Before long the situation became intolerable to him, for Cynthia still sat silent. She was thinking of how she had blamed Jethro for going back to that life, even though his love for her had made him do it. But Isaac Worthington did not know of what she was thinking—he thought only of himself and his predicament. He could not remain, and yet he could not go—with dignity. He who had come to bestow could not depart like a whipped dog.

Suddenly a fear transfixed him: suppose that this woman, from whom he could not hide the truth, should tell his son what he had done. Bob would believe her. Could he, Isaac Worthington, humble his pride and ask her to keep her suspicions to herself? He would then be acknowledging that they were more than suspicions. If he did so, he would have to appear to forgive her in spite of what she had said to him. And Bob was coming home. Could he tell Bob that he had changed his mind and withdrawn his consent to the marriage? There world be the reason, and again Bob would believe her. And again, if he withdrew his consent, there was Jethro to reckon with. Jethro must have a weapon still, Mr. Worthington thought, although he could not imagine what it might be.

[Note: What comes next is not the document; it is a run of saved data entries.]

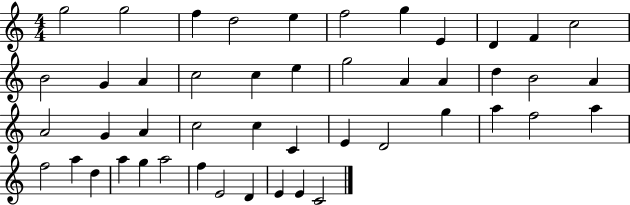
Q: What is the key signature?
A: C major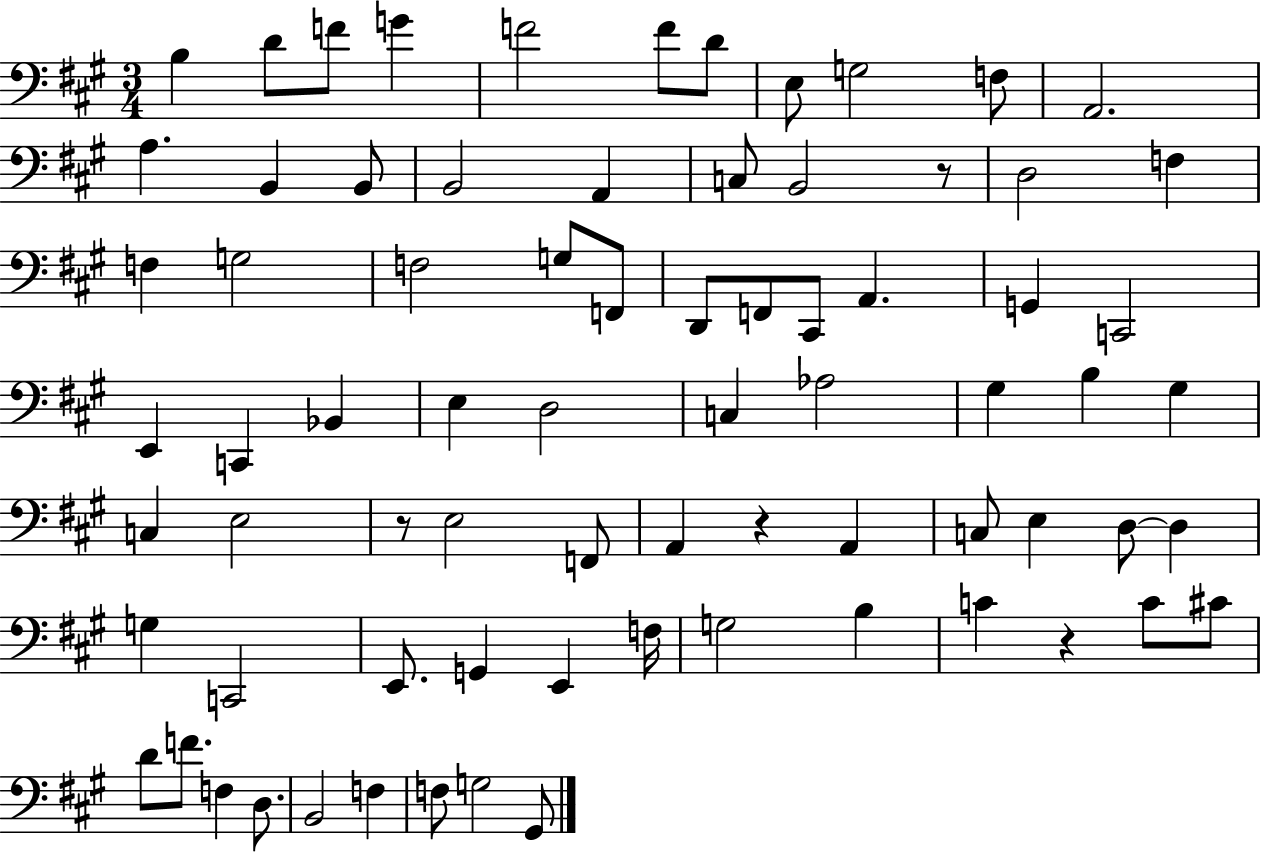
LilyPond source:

{
  \clef bass
  \numericTimeSignature
  \time 3/4
  \key a \major
  b4 d'8 f'8 g'4 | f'2 f'8 d'8 | e8 g2 f8 | a,2. | \break a4. b,4 b,8 | b,2 a,4 | c8 b,2 r8 | d2 f4 | \break f4 g2 | f2 g8 f,8 | d,8 f,8 cis,8 a,4. | g,4 c,2 | \break e,4 c,4 bes,4 | e4 d2 | c4 aes2 | gis4 b4 gis4 | \break c4 e2 | r8 e2 f,8 | a,4 r4 a,4 | c8 e4 d8~~ d4 | \break g4 c,2 | e,8. g,4 e,4 f16 | g2 b4 | c'4 r4 c'8 cis'8 | \break d'8 f'8. f4 d8. | b,2 f4 | f8 g2 gis,8 | \bar "|."
}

As Isaac Worthington sat there, thinking, it grew clear, to him at last that there was but one exit out of a, very desperate situation.

He glanced at Cynthia again, this time appraisingly. She had dried her eyes, but she made no effort to speak. After all, she would make such a wife for his son as few men possessed. He thought of Sarah Hollingsworth. She had been a good woman, but there had been many times when he had deplored—especially in his travels the lack of other qualities in his wife. Cynthia, he thought, had these qualities,—so necessary for the wife of one who would succeed to power—though whence she had got them Isaac Worthington could not imagine. She would become a personage; she was a woman of whom they had no need to be ashamed at home or abroad. Having completed these reflections, he broke the silence.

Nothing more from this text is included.